CADFG - Control Address Data-Flow Graph

CADFG is a DAG(directed acyclic graph)-based data structure used as an intermediate representation (IR) by Vesyla. Conventional High-level synthesis (HLS) tools typically model high-level program as control and dataflow graph (CDFG) as the intermediate representation (IR). This representation was appropriate because HLS tools synthesize an FSMD (FSM+Datapath) as the target architecture, deal with scalars and do not differentiate between functional, address and address constraints computation. Vesyla-II, in contrast generates distributed two-level FSM control scheme, deals with vectors and differentiates between the three categories of computation. These differences are reflected in the the IR used by Vesyla-II called Control, Address and Dataflow Graph (CADFG). CADFG is derived from the abstract syntax tree (AST). By a series of refinement, it transforms to Instruction Dependent Graph (IDG) as the back-end IR. In this section, we focus on elaborating some of the critical vertices of CADFG.

Vertices

There are several broad categories of vertices in CADFG:

Source and Sink vertices: create and terminate data flow.
Read and Write vertices: slice vector to scalar and pack scalar to vector.
Address and Address Constraint vertices: generates the address sequence for slicing and packing and address constraints.
Function vertex: does general data computation.
Control vertices: handle branches and loops.

Source and Sink Vertices

Source vertices doesn't have any input port and sink vertices doesn't have any output port.

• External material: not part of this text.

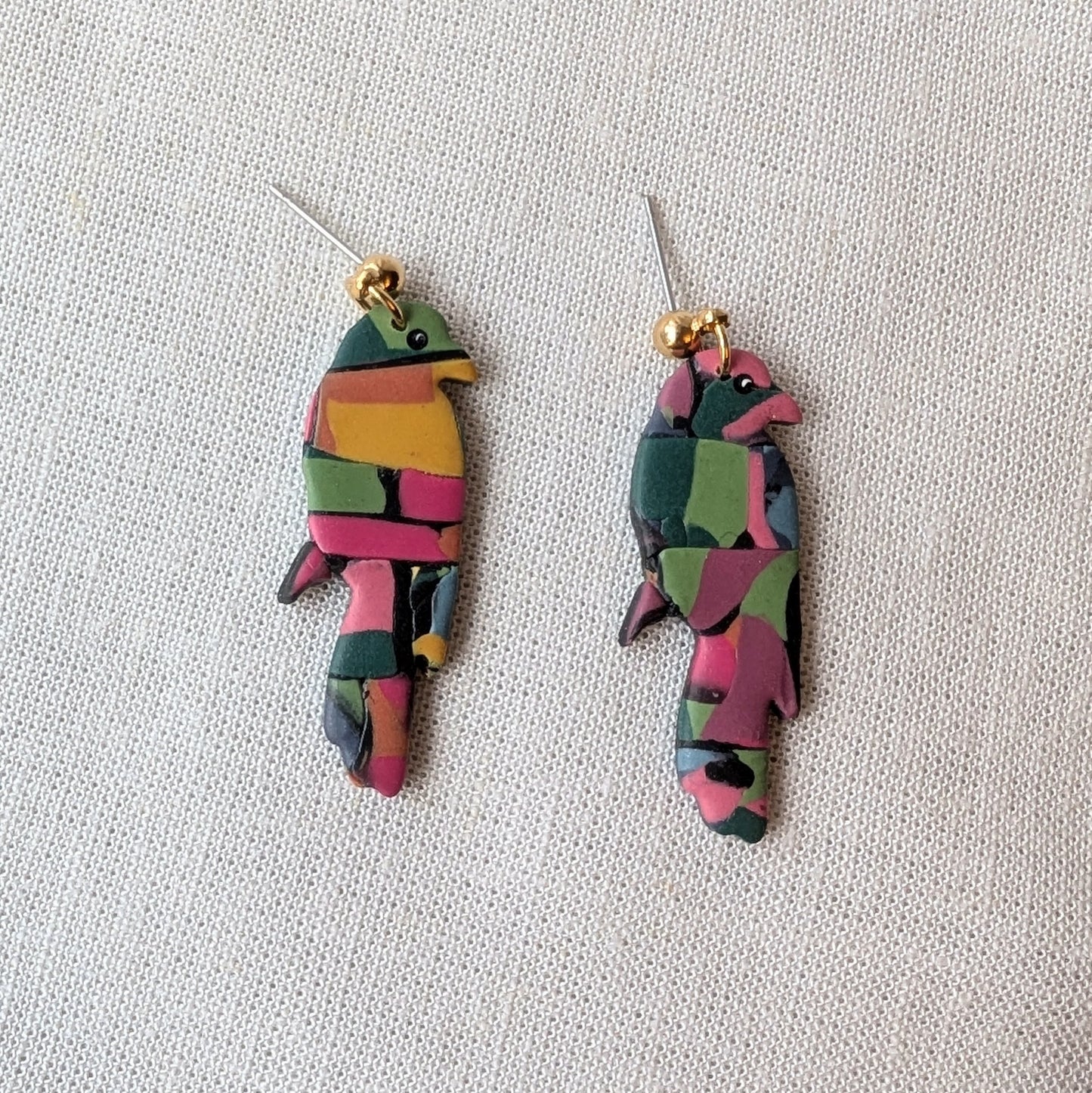Raven Earrings in Mottled Rainbow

Both types of vertices support both vector and scalar data type. In figure ??, p1 to p5 and X are all source vertices, while y is sink vertex.

Read and Write Vertices

Read vertex slices the vector variable to its each individual element and sending out them one at a time. On the contrary, write vertex packs the time distributed scalar data sequence to vector variable. Both vertices need an address vertex attach to them in order to decide the address sequence. In figure ??, vertex R is an example of read vertex.

Address and Address Constraint Vertices

Address and Address Constraint Vertices are the key differentiator compared to conventional CDFGs. These vertices embody the policy of differentiating address and address constraints as separate computation category and mapping them to dedicated spatially distributed resources. This manifests in the read vertex getting its addresses from a function that models the address computation as a two-level affine function with five operands as shown and explained with an example in Figure ??. An implication of such an address function is that read vertex does not read a scalar but a vector. The address constraints are also explicitly identified to enable their computation to be also mapped to custom spatially distributed computation resource.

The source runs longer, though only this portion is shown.